The Ladder Room
Today is my last in the Ladder Room at Varuna. Thirteen days of watching the rain and cloud rolling in, the leaves begin to redden on the trees, the rosellas wheel and dive. I don’t know how many hours I’ve sat here. There’s no brain capacity left to work it out. I do know I’ve made an effort to leave each day – walked the edge of the gaping chasm, sloshed through puddles, wept and even danced a little at the Blue Mountains Music festival, tried a yoga class, the coffee, the pub.
I sometimes catch myself justifying why I need time to write. We all do it, maybe. But this past fortnight I’ve been reminded of why that time is so important, time when you’re not necessarily writing and watching the word count tick over, but also time for thinking, collecting, following a thought, reading, sorting, cutting, starting again.
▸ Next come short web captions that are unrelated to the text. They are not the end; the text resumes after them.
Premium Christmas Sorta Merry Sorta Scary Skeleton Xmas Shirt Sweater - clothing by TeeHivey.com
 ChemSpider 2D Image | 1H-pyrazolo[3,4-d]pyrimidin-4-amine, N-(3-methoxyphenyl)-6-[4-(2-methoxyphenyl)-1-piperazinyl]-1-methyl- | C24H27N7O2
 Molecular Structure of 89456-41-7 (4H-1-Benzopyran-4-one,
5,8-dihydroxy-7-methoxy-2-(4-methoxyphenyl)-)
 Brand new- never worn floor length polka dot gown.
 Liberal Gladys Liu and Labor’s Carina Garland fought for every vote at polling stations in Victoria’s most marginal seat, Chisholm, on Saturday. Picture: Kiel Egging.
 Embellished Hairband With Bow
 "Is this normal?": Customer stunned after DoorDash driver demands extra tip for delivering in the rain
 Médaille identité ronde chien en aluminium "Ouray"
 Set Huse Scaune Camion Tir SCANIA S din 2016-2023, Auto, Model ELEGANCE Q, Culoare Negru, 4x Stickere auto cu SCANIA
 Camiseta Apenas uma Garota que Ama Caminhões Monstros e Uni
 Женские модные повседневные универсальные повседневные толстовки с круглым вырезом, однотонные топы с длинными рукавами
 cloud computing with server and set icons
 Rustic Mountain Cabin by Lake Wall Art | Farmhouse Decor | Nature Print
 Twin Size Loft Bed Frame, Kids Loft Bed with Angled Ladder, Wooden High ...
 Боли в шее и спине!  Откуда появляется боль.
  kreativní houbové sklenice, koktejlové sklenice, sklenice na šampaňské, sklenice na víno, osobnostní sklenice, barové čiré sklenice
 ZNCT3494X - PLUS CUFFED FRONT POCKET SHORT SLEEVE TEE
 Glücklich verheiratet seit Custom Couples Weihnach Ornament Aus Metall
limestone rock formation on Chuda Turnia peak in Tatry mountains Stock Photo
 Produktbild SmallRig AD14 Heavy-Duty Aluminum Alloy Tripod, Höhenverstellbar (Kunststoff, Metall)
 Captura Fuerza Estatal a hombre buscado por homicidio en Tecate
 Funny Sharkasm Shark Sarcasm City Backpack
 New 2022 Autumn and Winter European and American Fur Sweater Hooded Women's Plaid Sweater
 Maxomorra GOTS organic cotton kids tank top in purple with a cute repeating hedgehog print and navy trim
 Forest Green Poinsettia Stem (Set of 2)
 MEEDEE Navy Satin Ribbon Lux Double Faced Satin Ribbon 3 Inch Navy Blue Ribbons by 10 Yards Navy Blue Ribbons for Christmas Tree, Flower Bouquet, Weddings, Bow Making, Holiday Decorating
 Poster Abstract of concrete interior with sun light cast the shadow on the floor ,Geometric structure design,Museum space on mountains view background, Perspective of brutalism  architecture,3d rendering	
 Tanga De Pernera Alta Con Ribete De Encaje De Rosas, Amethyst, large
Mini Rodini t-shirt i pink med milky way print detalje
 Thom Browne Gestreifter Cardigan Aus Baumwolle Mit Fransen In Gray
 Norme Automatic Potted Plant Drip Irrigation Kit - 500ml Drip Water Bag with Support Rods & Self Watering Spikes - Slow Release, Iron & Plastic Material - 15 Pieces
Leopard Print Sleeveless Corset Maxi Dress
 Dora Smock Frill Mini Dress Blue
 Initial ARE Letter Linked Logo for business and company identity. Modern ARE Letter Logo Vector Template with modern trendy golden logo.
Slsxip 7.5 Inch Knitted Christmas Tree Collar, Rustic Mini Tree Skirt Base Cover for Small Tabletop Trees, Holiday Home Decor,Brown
There’s a lot of output at a place like this. In total, I’ve composed over 50 000 words on my little keyboard this past fortnight. That didn’t all go into the manuscript, of course (and what did may very well not stay). Some of it was about journalling the process, some of it character interviews, which I’ve never really done before but found so productive, an intimate back and forth with my characters in first person POV that were revealing and astonishing and helped so much in shaping the story.
At any rate – lots of words come out, and I can’t keep that up unless I have words going in.
So I read, and googled, and took recommendations from the fabulous folk here. I read Michael Mohammed Ahmed’s ABR essay ‘Bad Writer’, and Annabel Smith’s musings on backstory. While I walked, I listened to Shelly Birse talk about screenwriting on the Australian Screenwriters Podcast and Tony Birch on The Garret podcast. I was struck by the synchronicity of reading Mark Tredinnick’s essay ‘A Storm and a Teacup‘ and revisiting Rufi Thorpe’s ‘Mother, Writer, Monster, Maid‘, each on exactly the day I needed them.
I dived in and out of some of the books and movies I had packed to bring along (The Refugees by Viet Than Nguyen, The World Beneath by Cate Kennedy, Snowden, The Perfect Storm – an eclectic mix, I know), but totally failed to read as much as I had planned.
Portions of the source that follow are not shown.